Monday, January 16, 2012

Time is a B

Seriously.

I would give anything for an extra five hours a day. I know that this is a creative thought. My apologies. I would have come up with something more clever, but...

I DON'T HAVE TIME!!!

I say that phrase so much that I bore myself.

I know that my plight is not unique, that all working mothers, heck, all parents, face this issue. But lately I am feeling ready to implode at any given moment.

Wednesday was particularly bad.

It'll all started two weeks ago when Justin told me he had a nighttime commitment at work. We were still in lazy, fantastic winter break dream world, so I didn't think much of it. Then I looked at my calendar...Em's first soccer class.

Sigh...

Em's class is at six, which deep-down I knew when I signed up for it was a bad idea, but it's only four classes so I thought we could at least try it. The issue is that Eliot is still going down for the count pretty early. He eats at 5:30, gets his bath, and is in bed by 7. So taking him to the class equated to flirting with disaster. Public disaster.

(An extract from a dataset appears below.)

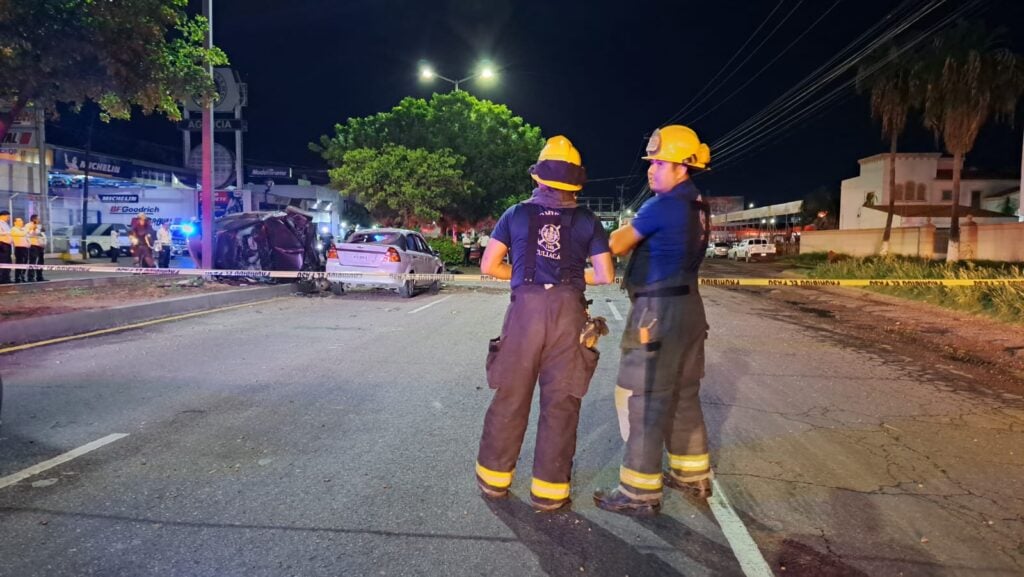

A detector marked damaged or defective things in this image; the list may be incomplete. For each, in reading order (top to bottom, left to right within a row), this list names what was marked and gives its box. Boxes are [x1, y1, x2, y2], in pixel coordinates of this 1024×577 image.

overturned dark vehicle [188, 208, 322, 276]
cracked asphalt road [0, 272, 1020, 576]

But I really had no choice, so I did it.

Wednesday started off with the usual rush to get the kids ready and out of the door by 6:45. At work, we had a baby shower for a friend, which was a fun start to the day. I can't really tell you what else happened. It was pretty much the usual madhouse. I told myself that I needed to leave work by 4:30 to get soccer clothes for Em, pick up the kids, get her something to eat, and get her to class by six.

I left work at 5.

ACKKKKK!

This covers the hour between five and six, in which I was dangerously close to having a stroke/complete meltdown ala 3-year old/hair-eating session:

Pick up kids. Rush both into the car. Get Eliot into his new, not baby-bucket car seat (oh I miss that thing...). Drive to Target. Get soccer clothes, cat food, hair spray, all while speeding through the store, trying to avoid the SUPER SLOW PEOPLE who go to Target after work and trying to prevent my son from SUCKING ON THE CART BABY STRAP (oh, baby bucket, where are you now???) Change Em into soccer clothes in the bathroom of Target, while trying to prevent El from crawling on the floor (ICK).

The pants don't fit.

The mother-fing pants don't fit.

I try for 30 seconds (it's 5:30 at this point) to convince her that she can wear her jeans, to which she responds "EVERYONE WILL LOOK AT ME!!!"

Shit.

So we go to the toddler boy section and get her boys pants. (Jeans aren't okay, but boy pants are?! Whatevs...)

We buy the pants, get her changed, and end up at the rec center at 5:55, driving behind the SLOWEST person ever.

We get the boy out of the seat, into the stroller; we get the diaper bag and mommy's purse and head to class.

The class is awesome. Em loves the class so much that all the sweating, silent swearing, panicking of the last hour is worth it. And I get totally cute video I can post to Facebook. (Yes, I am that person now.)

Then the class ends.

It's 6:45. A full hour and fifteen minutes after Eliot's typical dinner time.

Ugh.

So I get the kids in the car and head home. I feed Eliot and make Em's dinner. I bathe Eliot while she eats. I get Em's bath ready and do the nighttime ritual with Eliot. I get Em out of the bath, and we review her sight words.

At 8:30 Justin gets home and puts Em to bed.

At 8:30 I sit down.

At 8:30, I want to cry from exhaustion.

But I don't. Because it would be too tiring.

Don't get me wrong. I love my life. I love my work. It's perfect for me: always interesting, always exciting. I love my kids beyond belief.

The issue may be that I love everything too much. There's just too much to do. Always.

Luckily, I have days like today to counter balance those "Wednesdays" out there. This morning I took El to meet a friend for breakfast. I'm blogging right now while Em watches a movie, and I'll head into work for a little bit. I'm not bummed about that; I'll actually get some crap done.

Then I'll have a relaxing evening at home, which I am sure will entail some playing with Barbies, with some extracting god-knows-what from Eliot's mouth, and maybe some exercise.

HA-FREAKING-HA!

2 comments:

Sarah said...

It does get better, I promise.
I have gotten really good at saying no, with no guilt, because I know that it is the best choice for our family. Good job though, getting her to soccer!

Dr. Love said...

I'm so happy you're back to blogging honey.